[Work to be completed]
Write out again, exactly, the lines below starting at the one with "دوچرخه 26 سان اسپید" and ending at the one with "Property photo of".

[Data extract]
+ + + +

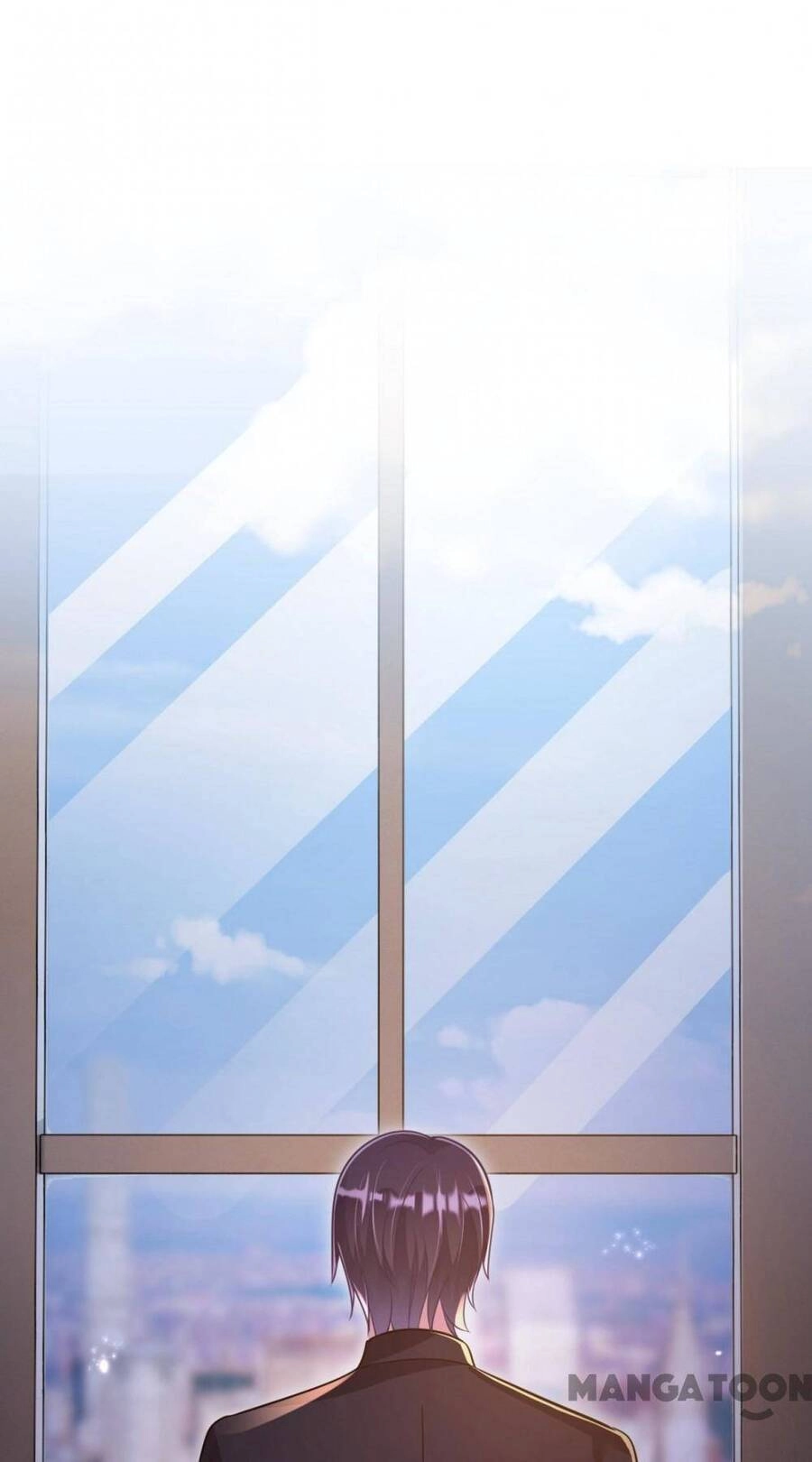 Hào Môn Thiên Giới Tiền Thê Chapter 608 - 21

+ + + +

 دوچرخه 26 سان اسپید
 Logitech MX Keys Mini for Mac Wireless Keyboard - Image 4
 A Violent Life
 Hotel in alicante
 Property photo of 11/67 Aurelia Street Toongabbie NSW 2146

+ + + +

[Task response]
 دوچرخه 26 سان اسپید
 Logitech MX Keys Mini for Mac Wireless Keyboard - Image 4
 A Violent Life
 Hotel in alicante
 Property photo of 11/67 Aurelia Street Toongabbie NSW 2146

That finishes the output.